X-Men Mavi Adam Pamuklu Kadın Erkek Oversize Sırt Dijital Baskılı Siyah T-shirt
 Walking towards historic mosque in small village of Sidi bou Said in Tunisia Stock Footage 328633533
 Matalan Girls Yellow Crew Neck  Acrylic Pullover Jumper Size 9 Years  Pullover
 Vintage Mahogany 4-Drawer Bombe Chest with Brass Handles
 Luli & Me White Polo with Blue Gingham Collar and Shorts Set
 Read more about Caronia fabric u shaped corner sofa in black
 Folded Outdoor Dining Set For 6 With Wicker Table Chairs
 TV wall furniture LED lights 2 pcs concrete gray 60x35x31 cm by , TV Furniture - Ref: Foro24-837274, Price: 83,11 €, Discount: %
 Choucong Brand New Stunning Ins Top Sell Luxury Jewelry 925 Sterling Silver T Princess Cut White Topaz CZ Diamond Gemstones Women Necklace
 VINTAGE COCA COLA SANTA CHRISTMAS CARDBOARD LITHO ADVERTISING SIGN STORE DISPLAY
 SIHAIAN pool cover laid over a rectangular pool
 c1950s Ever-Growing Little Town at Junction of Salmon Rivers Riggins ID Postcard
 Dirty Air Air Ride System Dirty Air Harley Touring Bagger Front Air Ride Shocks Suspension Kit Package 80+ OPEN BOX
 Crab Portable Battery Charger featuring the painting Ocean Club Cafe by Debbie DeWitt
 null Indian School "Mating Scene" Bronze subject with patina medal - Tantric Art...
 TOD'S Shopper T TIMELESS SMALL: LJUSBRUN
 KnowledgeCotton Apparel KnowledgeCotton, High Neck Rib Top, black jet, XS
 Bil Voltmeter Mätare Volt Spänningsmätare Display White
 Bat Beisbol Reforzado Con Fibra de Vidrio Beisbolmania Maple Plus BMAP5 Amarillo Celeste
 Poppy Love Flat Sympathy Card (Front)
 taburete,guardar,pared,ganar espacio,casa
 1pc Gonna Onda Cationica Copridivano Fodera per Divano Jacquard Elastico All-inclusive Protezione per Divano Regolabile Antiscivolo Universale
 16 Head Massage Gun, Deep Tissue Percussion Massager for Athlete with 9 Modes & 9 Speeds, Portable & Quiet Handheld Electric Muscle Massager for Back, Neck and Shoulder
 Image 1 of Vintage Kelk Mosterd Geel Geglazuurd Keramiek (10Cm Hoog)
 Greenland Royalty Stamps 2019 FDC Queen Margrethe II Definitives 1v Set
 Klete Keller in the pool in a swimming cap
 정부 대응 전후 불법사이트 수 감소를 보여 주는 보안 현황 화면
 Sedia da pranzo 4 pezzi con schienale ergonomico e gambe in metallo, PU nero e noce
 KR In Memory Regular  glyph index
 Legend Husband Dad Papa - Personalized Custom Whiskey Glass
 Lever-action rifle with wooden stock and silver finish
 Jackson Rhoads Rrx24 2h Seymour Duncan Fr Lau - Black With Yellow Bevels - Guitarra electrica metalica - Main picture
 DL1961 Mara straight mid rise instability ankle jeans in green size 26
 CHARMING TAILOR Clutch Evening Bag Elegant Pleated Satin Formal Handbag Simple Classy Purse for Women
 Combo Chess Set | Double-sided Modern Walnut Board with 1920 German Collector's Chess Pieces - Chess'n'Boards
-.-.-
Your reply must repeat the records above exactly and in full.

ANSWER SPACE ::
X-Men Mavi Adam Pamuklu Kadın Erkek Oversize Sırt Dijital Baskılı Siyah T-shirt
 Walking towards historic mosque in small village of Sidi bou Said in Tunisia Stock Footage 328633533
 Matalan Girls Yellow Crew Neck  Acrylic Pullover Jumper Size 9 Years  Pullover
 Vintage Mahogany 4-Drawer Bombe Chest with Brass Handles
 Luli & Me White Polo with Blue Gingham Collar and Shorts Set
 Read more about Caronia fabric u shaped corner sofa in black
 Folded Outdoor Dining Set For 6 With Wicker Table Chairs
 TV wall furniture LED lights 2 pcs concrete gray 60x35x31 cm by , TV Furniture - Ref: Foro24-837274, Price: 83,11 €, Discount: %
 Choucong Brand New Stunning Ins Top Sell Luxury Jewelry 925 Sterling Silver T Princess Cut White Topaz CZ Diamond Gemstones Women Necklace
 VINTAGE COCA COLA SANTA CHRISTMAS CARDBOARD LITHO ADVERTISING SIGN STORE DISPLAY
 SIHAIAN pool cover laid over a rectangular pool
 c1950s Ever-Growing Little Town at Junction of Salmon Rivers Riggins ID Postcard
 Dirty Air Air Ride System Dirty Air Harley Touring Bagger Front Air Ride Shocks Suspension Kit Package 80+ OPEN BOX
 Crab Portable Battery Charger featuring the painting Ocean Club Cafe by Debbie DeWitt
 null Indian School "Mating Scene" Bronze subject with patina medal - Tantric Art...
 TOD'S Shopper T TIMELESS SMALL: LJUSBRUN
 KnowledgeCotton Apparel KnowledgeCotton, High Neck Rib Top, black jet, XS
 Bil Voltmeter Mätare Volt Spänningsmätare Display White
 Bat Beisbol Reforzado Con Fibra de Vidrio Beisbolmania Maple Plus BMAP5 Amarillo Celeste
 Poppy Love Flat Sympathy Card (Front)
 taburete,guardar,pared,ganar espacio,casa
 1pc Gonna Onda Cationica Copridivano Fodera per Divano Jacquard Elastico All-inclusive Protezione per Divano Regolabile Antiscivolo Universale
 16 Head Massage Gun, Deep Tissue Percussion Massager for Athlete with 9 Modes & 9 Speeds, Portable & Quiet Handheld Electric Muscle Massager for Back, Neck and Shoulder
 Image 1 of Vintage Kelk Mosterd Geel Geglazuurd Keramiek (10Cm Hoog)
 Greenland Royalty Stamps 2019 FDC Queen Margrethe II Definitives 1v Set
 Klete Keller in the pool in a swimming cap
 정부 대응 전후 불법사이트 수 감소를 보여 주는 보안 현황 화면
 Sedia da pranzo 4 pezzi con schienale ergonomico e gambe in metallo, PU nero e noce
 KR In Memory Regular  glyph index
 Legend Husband Dad Papa - Personalized Custom Whiskey Glass
 Lever-action rifle with wooden stock and silver finish
 Jackson Rhoads Rrx24 2h Seymour Duncan Fr Lau - Black With Yellow Bevels - Guitarra electrica metalica - Main picture
 DL1961 Mara straight mid rise instability ankle jeans in green size 26
 CHARMING TAILOR Clutch Evening Bag Elegant Pleated Satin Formal Handbag Simple Classy Purse for Women
 Combo Chess Set | Double-sided Modern Walnut Board with 1920 German Collector's Chess Pieces - Chess'n'Boards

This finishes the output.